_Supplied information_:
((

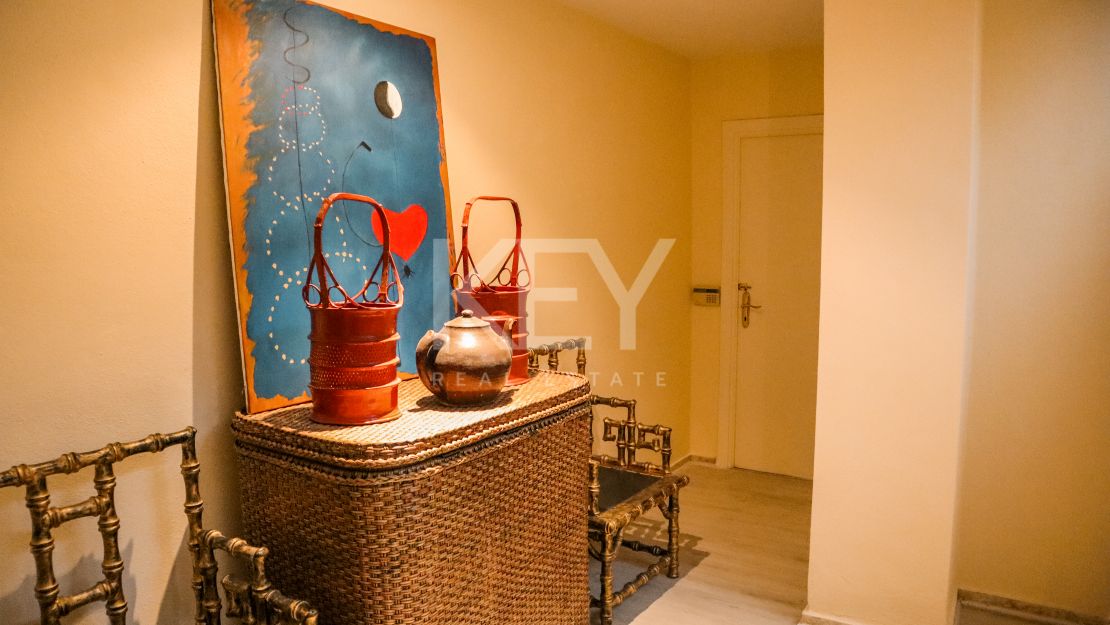 Elegante villa de 5 dormitorios con interiores espaciosos en Benahavís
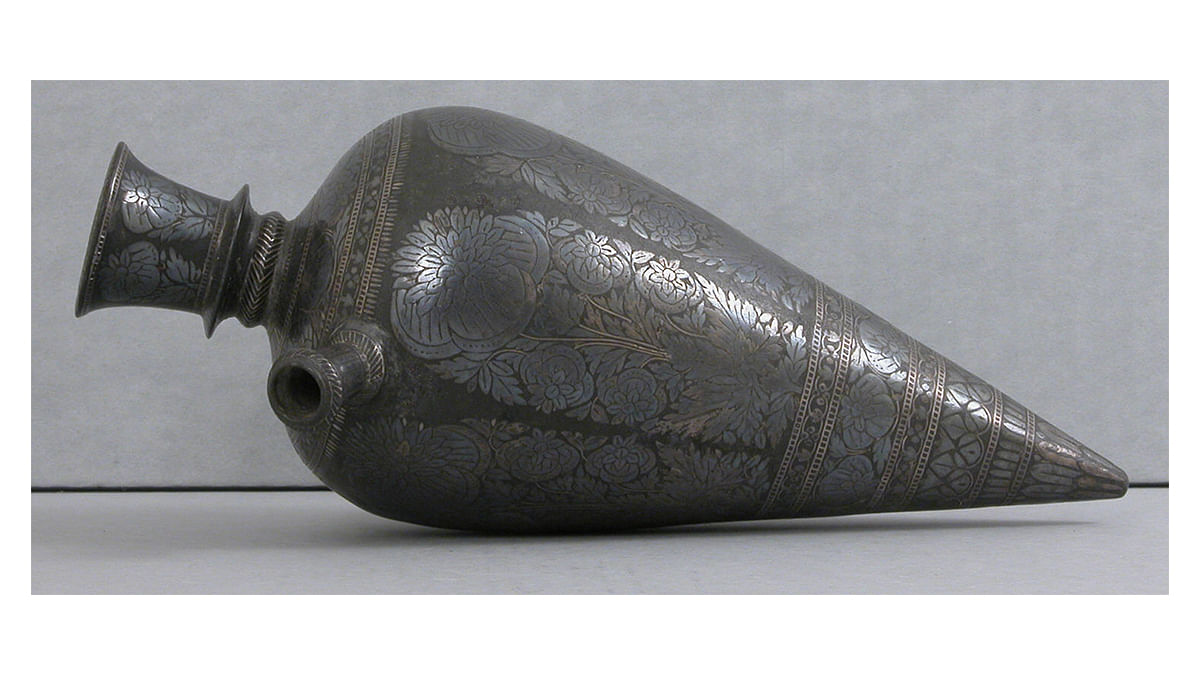 Water Pipe Base, Bidar, Deccan India, 18th–19th century, Zinc alloy, cast, engraved, inlaid with silver and brass (bidri ware), 27.8 cm, max diameter 10.45 cm, Image courtesy of The Metropolitan Museum of Art, New York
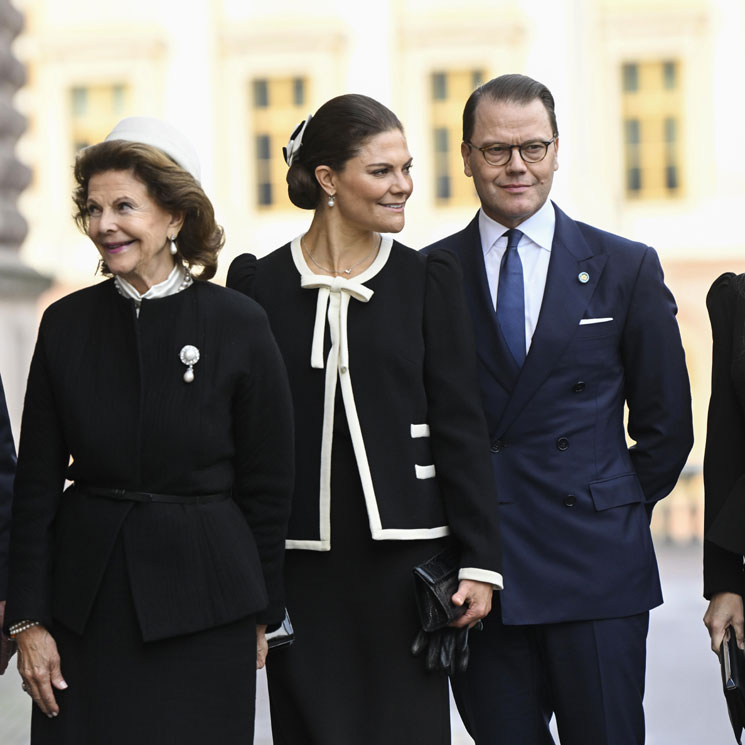 El porqué del sobrio 'dress code' de la Familia Real sueca en la apertura del Parlamento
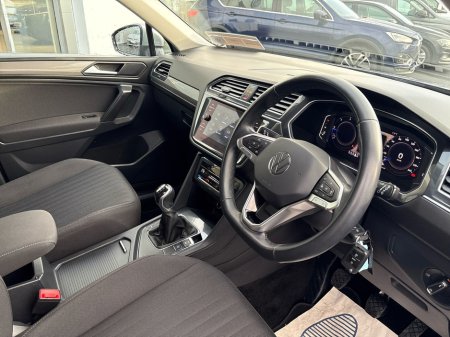 2023 Volkswagen Tiguan Allspace 2.0 TDI 122HP Life €31,975 thumbnail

))

Output each line above exactly as it stands, omitting the pictures.

_Completed exercise_:
 Elegante villa de 5 dormitorios con interiores espaciosos en Benahavís
 Water Pipe Base, Bidar, Deccan India, 18th–19th century, Zinc alloy, cast, engraved, inlaid with silver and brass (bidri ware), 27.8 cm, max diameter 10.45 cm, Image courtesy of The Metropolitan Museum of Art, New York
 El porqué del sobrio 'dress code' de la Familia Real sueca en la apertura del Parlamento
 2023 Volkswagen Tiguan Allspace 2.0 TDI 122HP Life €31,975 thumbnail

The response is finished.